■ **WORK TO COMPLETE**: Look through the entries below and show every line containing the word "Africa".

"""

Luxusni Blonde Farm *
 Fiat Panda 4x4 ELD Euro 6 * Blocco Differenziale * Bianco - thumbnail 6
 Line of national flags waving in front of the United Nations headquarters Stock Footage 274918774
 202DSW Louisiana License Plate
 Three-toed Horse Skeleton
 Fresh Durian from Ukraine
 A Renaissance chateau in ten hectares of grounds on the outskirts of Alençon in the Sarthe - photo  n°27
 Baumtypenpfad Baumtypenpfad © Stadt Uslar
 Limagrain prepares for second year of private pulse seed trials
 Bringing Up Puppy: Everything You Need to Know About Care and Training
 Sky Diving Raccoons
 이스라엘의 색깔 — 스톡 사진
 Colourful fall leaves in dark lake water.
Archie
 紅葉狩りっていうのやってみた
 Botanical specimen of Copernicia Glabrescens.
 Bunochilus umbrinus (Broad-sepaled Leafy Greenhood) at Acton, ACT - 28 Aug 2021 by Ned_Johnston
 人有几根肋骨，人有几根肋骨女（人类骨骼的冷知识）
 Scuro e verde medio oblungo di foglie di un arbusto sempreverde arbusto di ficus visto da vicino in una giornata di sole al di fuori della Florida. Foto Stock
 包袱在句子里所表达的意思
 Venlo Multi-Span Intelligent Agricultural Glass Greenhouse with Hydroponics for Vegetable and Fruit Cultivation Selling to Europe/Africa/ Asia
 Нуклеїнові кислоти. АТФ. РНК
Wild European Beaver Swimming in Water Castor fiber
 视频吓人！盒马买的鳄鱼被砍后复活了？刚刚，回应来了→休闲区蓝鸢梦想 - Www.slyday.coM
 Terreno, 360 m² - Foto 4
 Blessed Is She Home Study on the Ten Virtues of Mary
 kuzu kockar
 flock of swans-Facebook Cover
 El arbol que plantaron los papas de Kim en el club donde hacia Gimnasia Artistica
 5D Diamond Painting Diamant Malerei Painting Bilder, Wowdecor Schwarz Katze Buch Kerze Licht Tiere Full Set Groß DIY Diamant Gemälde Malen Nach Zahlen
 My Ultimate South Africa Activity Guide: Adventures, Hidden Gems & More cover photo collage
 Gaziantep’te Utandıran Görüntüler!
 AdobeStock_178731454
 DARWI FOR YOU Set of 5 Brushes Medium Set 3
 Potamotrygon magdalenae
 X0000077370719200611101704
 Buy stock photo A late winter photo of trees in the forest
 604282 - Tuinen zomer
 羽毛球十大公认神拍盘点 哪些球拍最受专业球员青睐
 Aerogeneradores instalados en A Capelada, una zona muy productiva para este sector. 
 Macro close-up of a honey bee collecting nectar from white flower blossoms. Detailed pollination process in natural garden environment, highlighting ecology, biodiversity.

"""

■ **ANSWER**:
 Venlo Multi-Span Intelligent Agricultural Glass Greenhouse with Hydroponics for Vegetable and Fruit Cultivation Selling to Europe/Africa/ Asia
 My Ultimate South Africa Activity Guide: Adventures, Hidden Gems & More cover photo collage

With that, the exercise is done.